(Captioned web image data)
↓↓↓

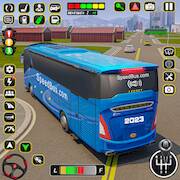 автобус симулятор вождения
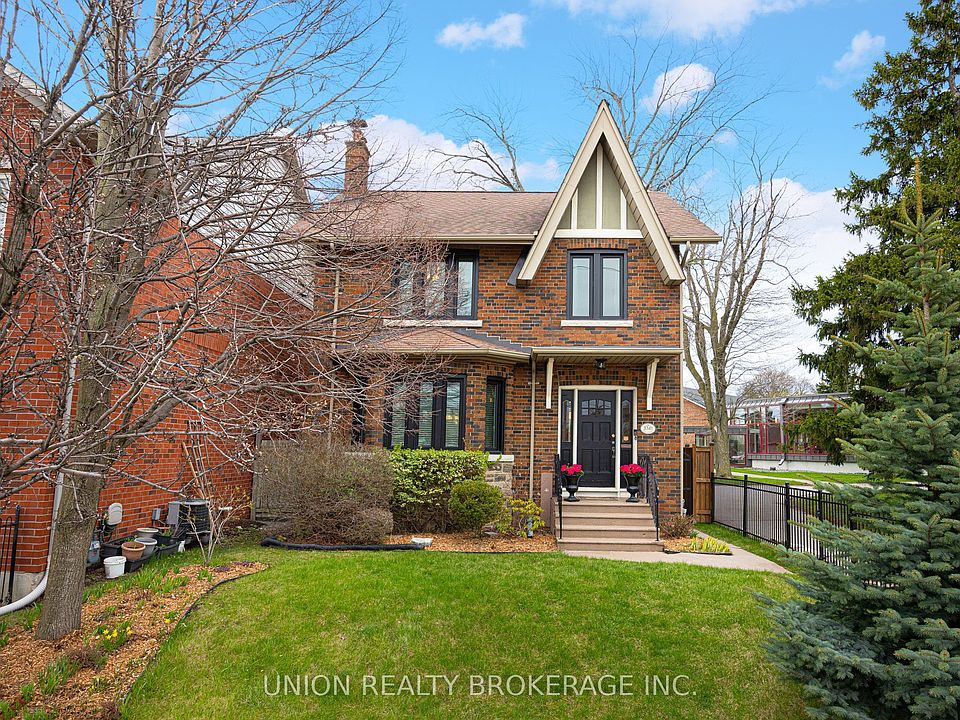 1st image of 3741 Kingston Rd
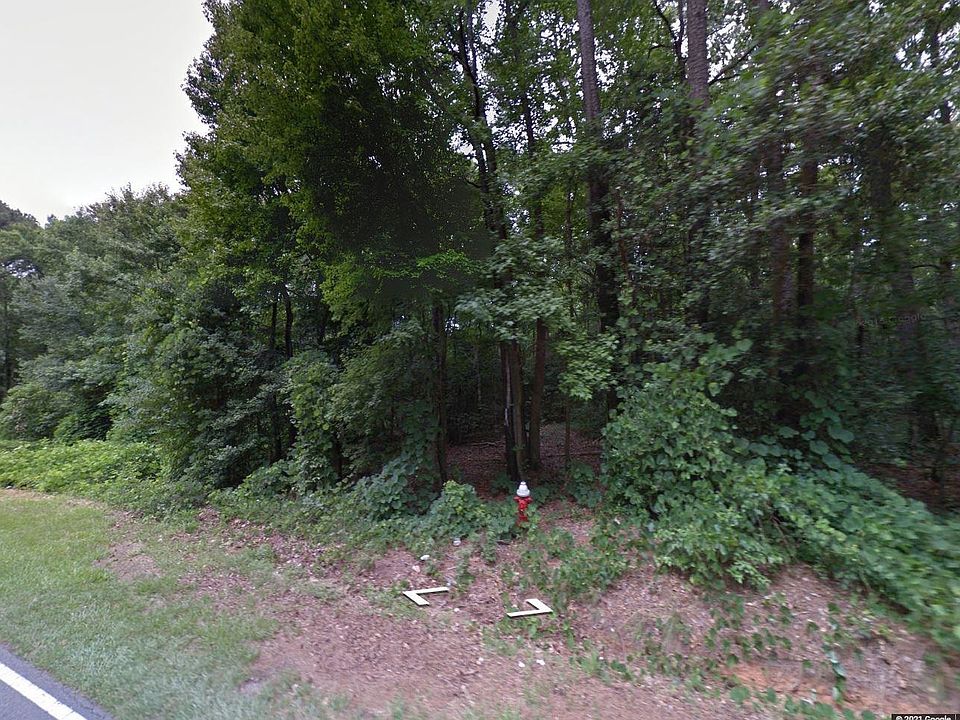 2nd image of LOT 6 Lemon Springs Rd Lot 6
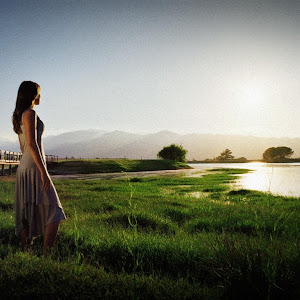 Photo Selection 0 20110105
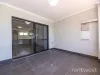 11/11 Goldsmith Road, Spearwood, WA 6163-Image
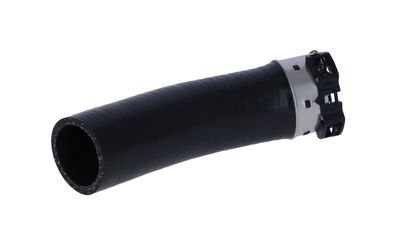 LADELUFTSCHLAUCH NRF 166238 39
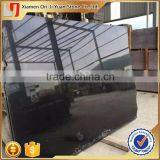 Popular Crazy Selling Shanxi Black Granite Slab thumbnail-5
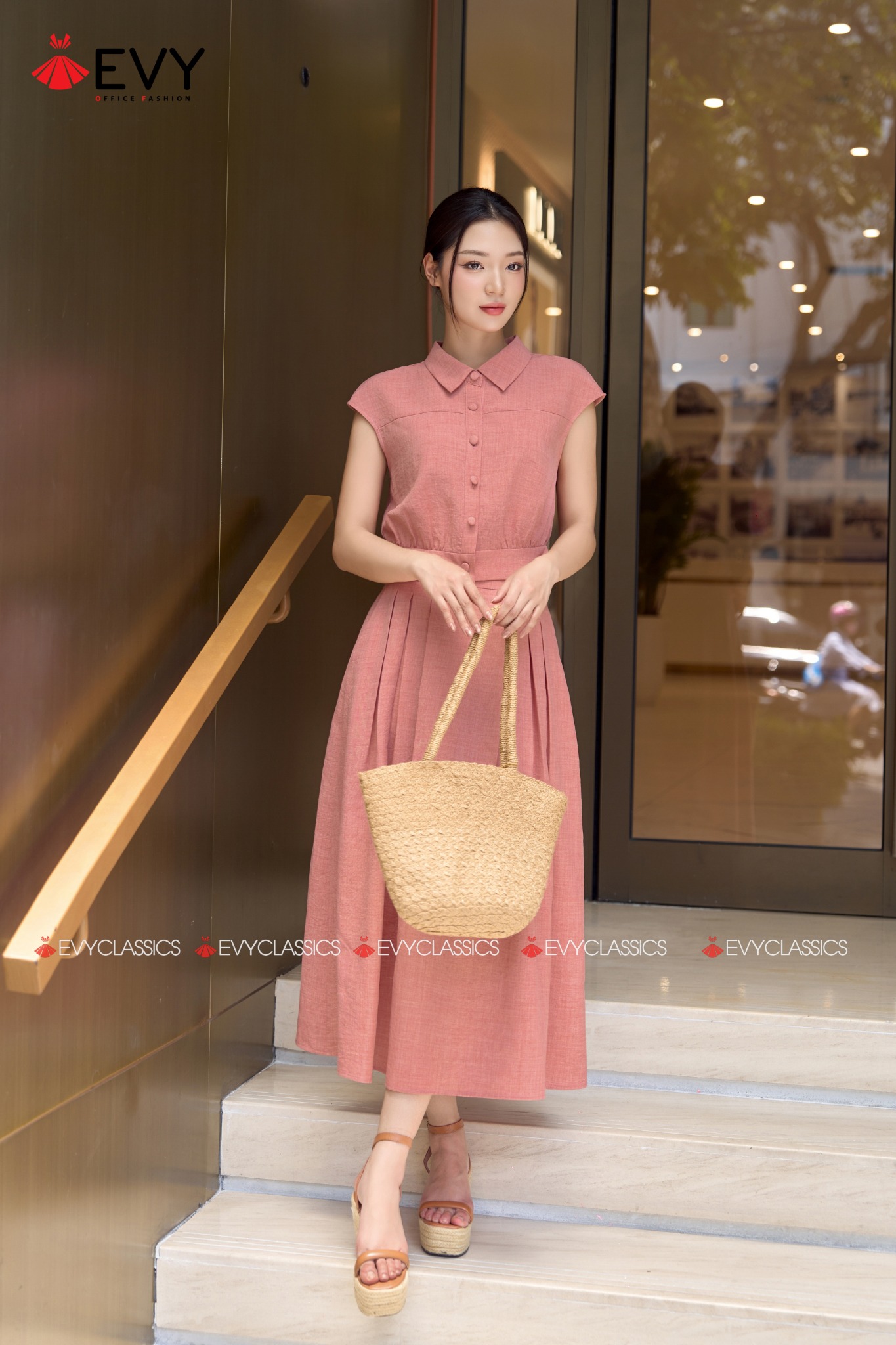  BỘ KẾT HỢP KH005 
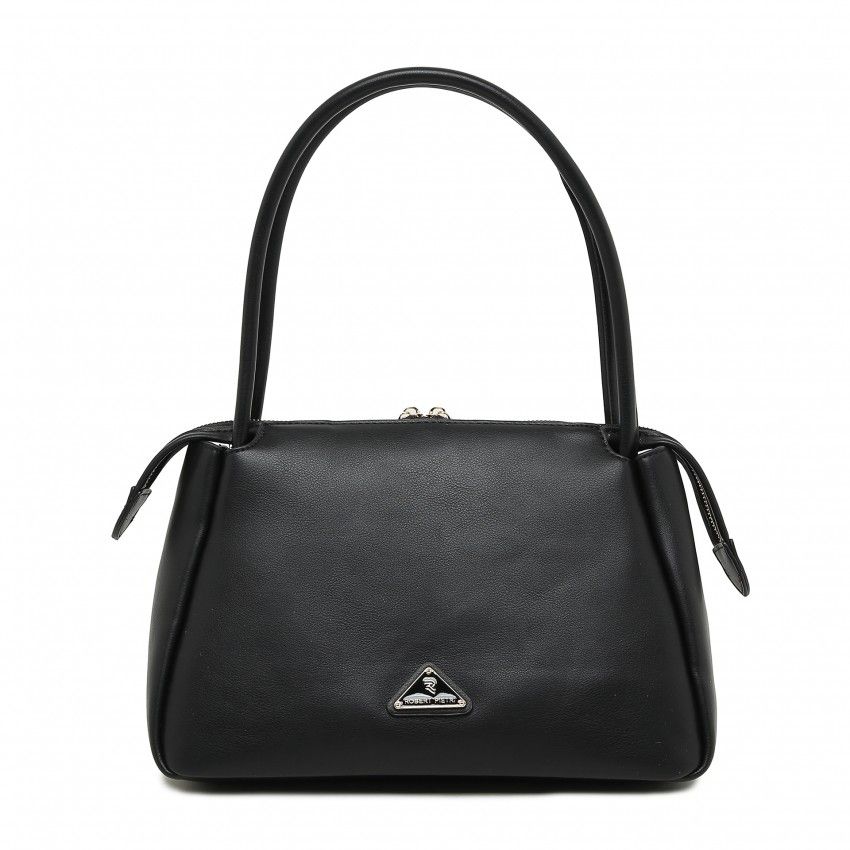 Bags ROBERT PIETRI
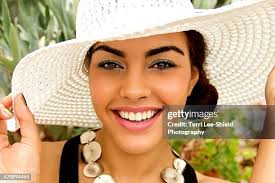 1,001 Ivory Lee Young Stock Photos, High-Res Pictures, and Images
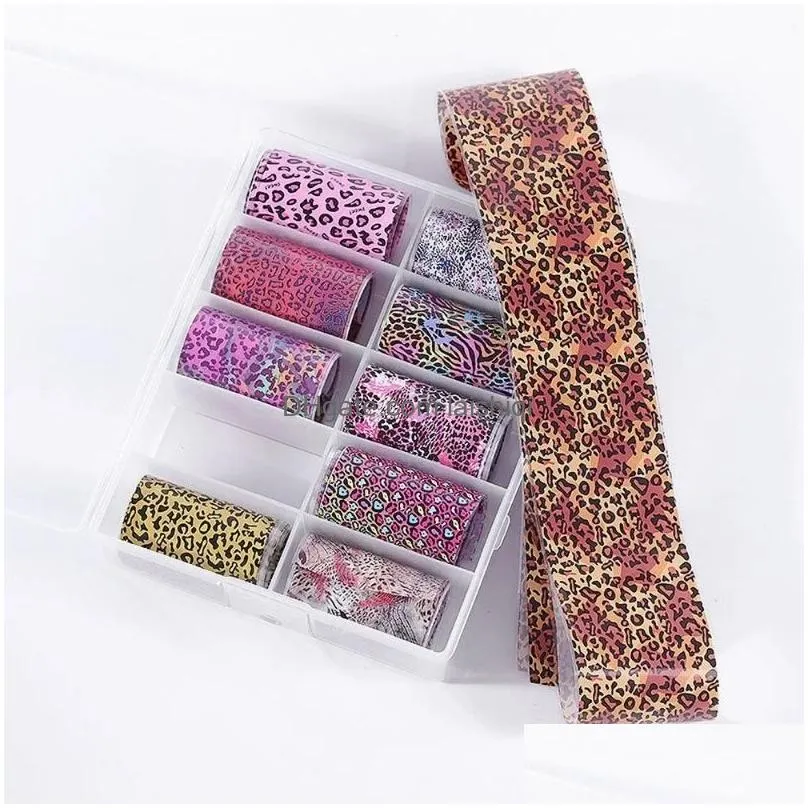 2024 nail art accessories marble smudge pattern starry paper net red nail sticker laser nail sticker manicure decalsstarry pattern nail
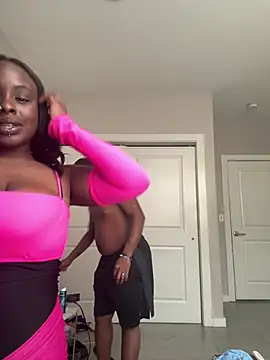 DancingLemonade online show from 24, 2, 2026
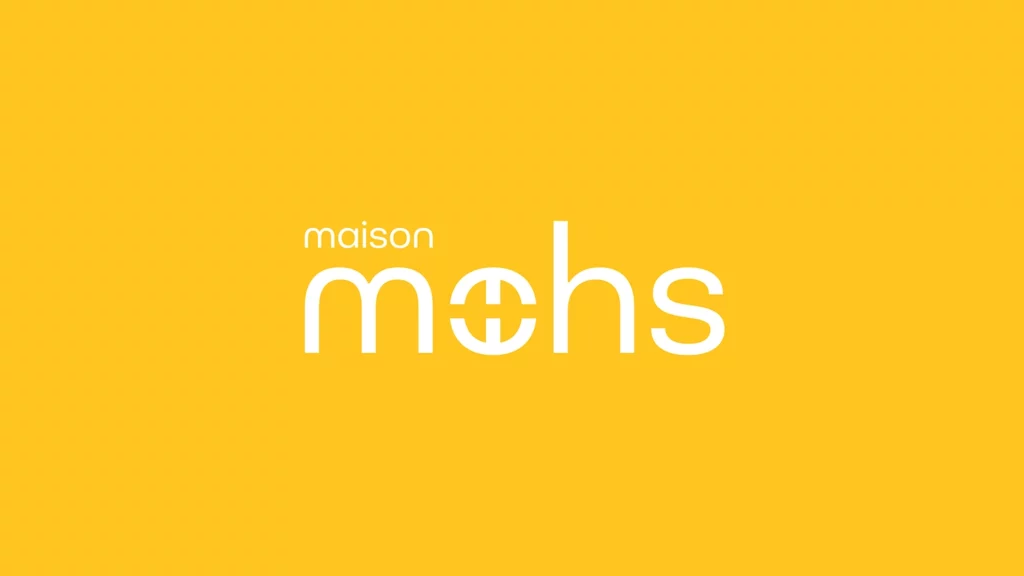 maison-mohs-nouveau-logo5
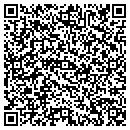 QR code with Tkc Heating & Air Cond contacts
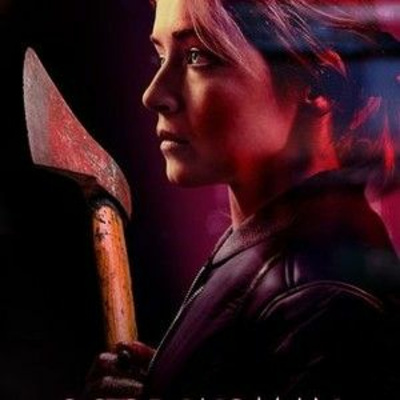 Filmbarátok Podcast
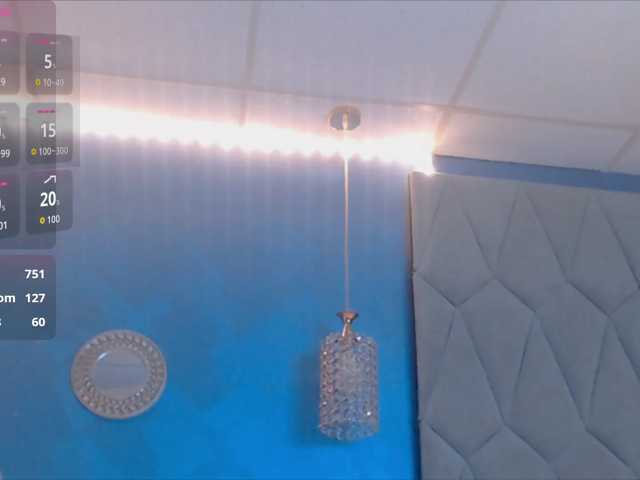 ambraloong live cam on BongaCams
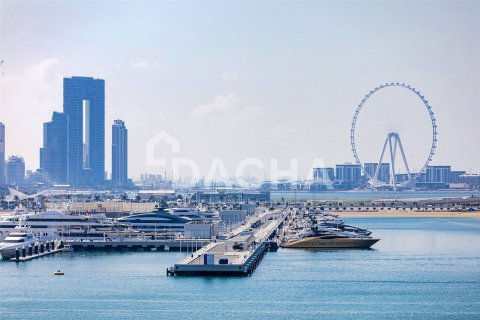 Appartement de 2 chambres à FIVE Palm Jumeirah, UAE No. 155614 3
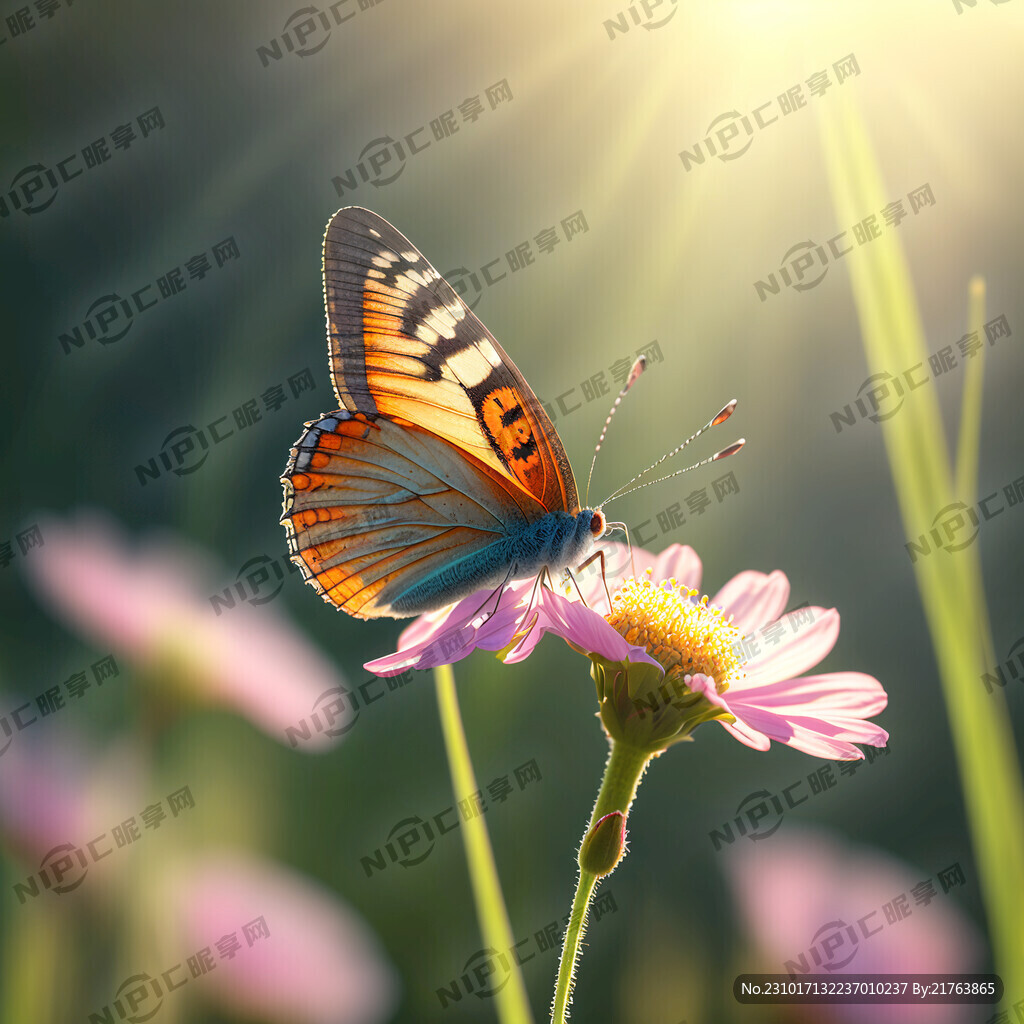 书要好好读球要好好打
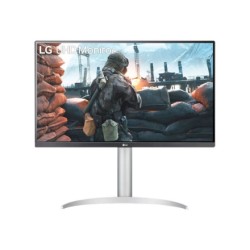 LG | Monitor | 27UP650P-W |...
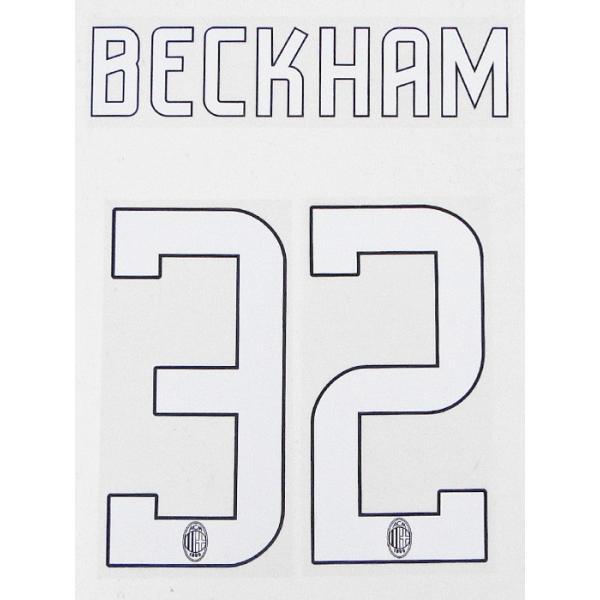 (X`XN[) STILSCREEN08/09AC~/z[/xbJ/WjApV[g/ȈՔz(CARD̂ݑύX/1_/ۏᖳ)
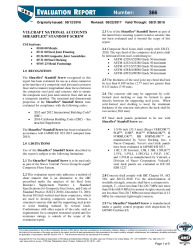 26091-ER 0366-ISSUED 08-12-2016
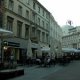 AbCentrum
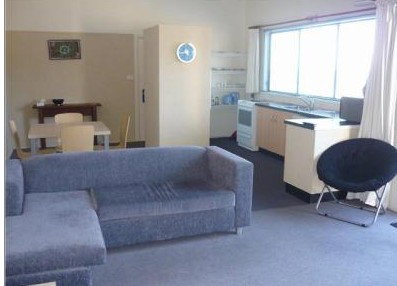 Beach House Mollymook - Darwin Holiday 2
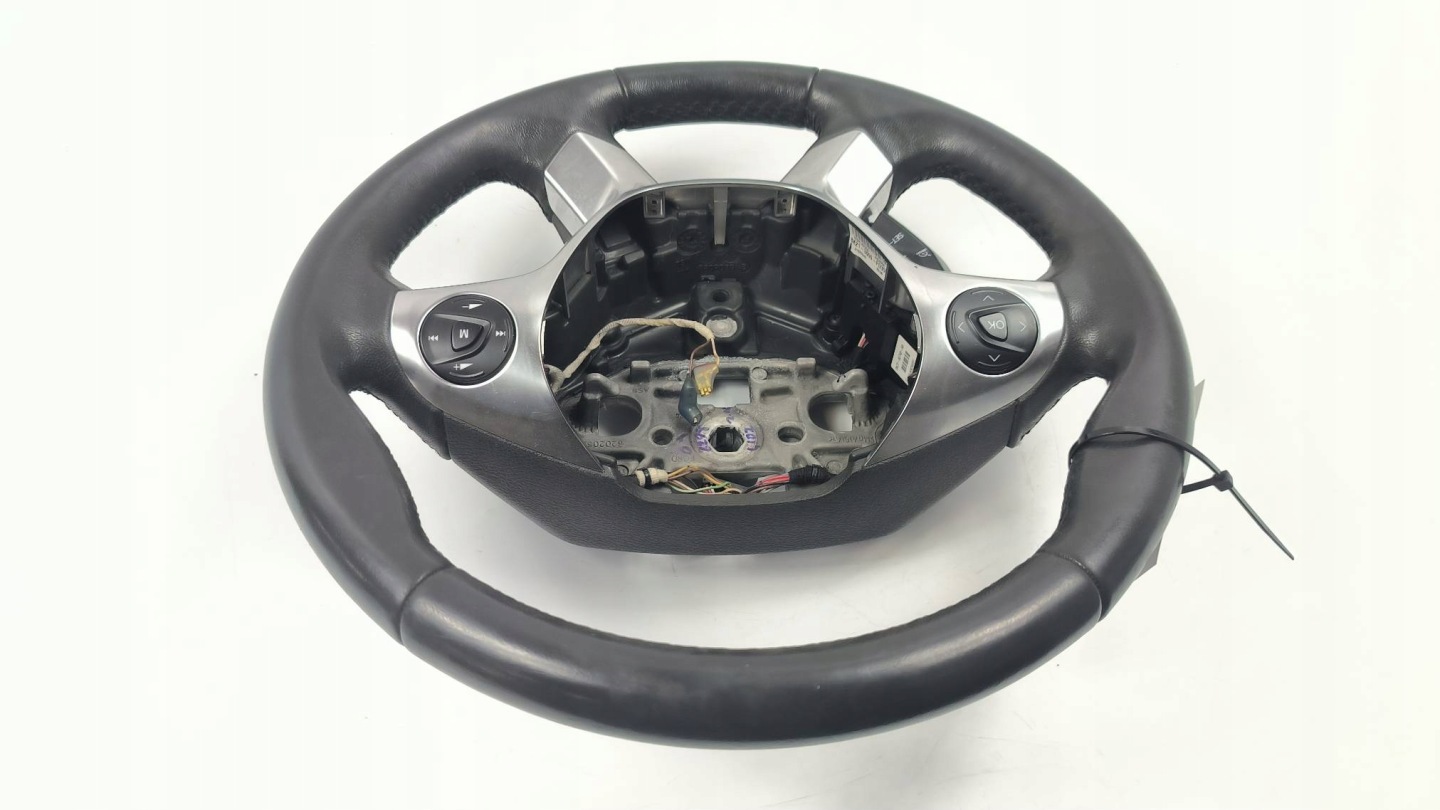 lenkrad BK21-3600-FD35B FORD TRANSIT CUSTOM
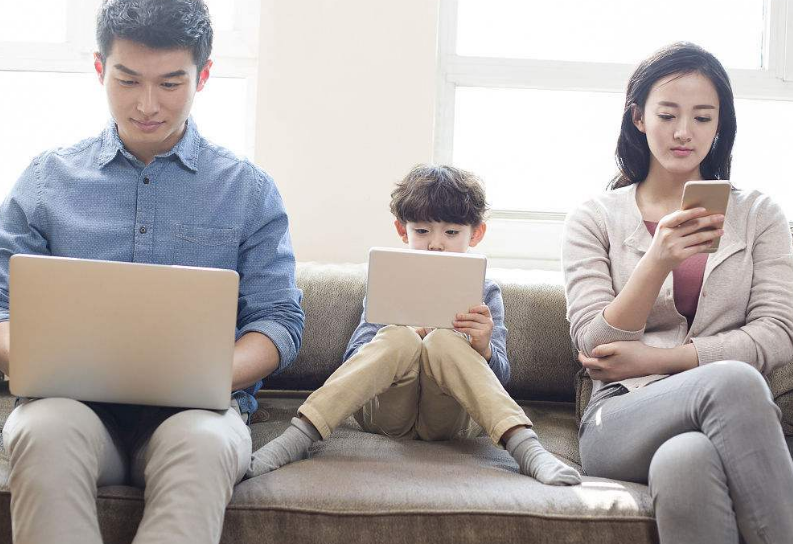 每天做2分鐘擺脫腰肌勞損不是夢！（圖）_3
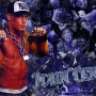 crazyboy741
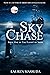 Sky Chase (The Flight of Ships, #1)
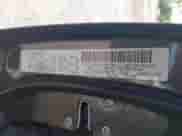 2016 Ram 1500 Tradesman with VIN 1C6RR6FG8GS361406, listed as a IAAI auction lot 42015411 with 269,702 mi miles and . Bid and sale history available at DreamBid. Image 9.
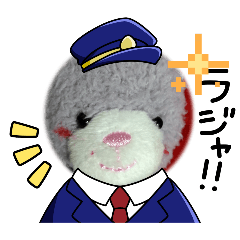 m_20251015173925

↑↑↑

Nothing but the lines from the first line of the records above to the line with "LADELUFTSCHLAUCH NRF 166238 39", inclusive, should be transcribed exactly, and the pictures must be left out.

 автобус симулятор вождения
 1st image of 3741 Kingston Rd
 2nd image of LOT 6 Lemon Springs Rd Lot 6
 Photo Selection 0 20110105
 11/11 Goldsmith Road, Spearwood, WA 6163-Image
 LADELUFTSCHLAUCH NRF 166238 39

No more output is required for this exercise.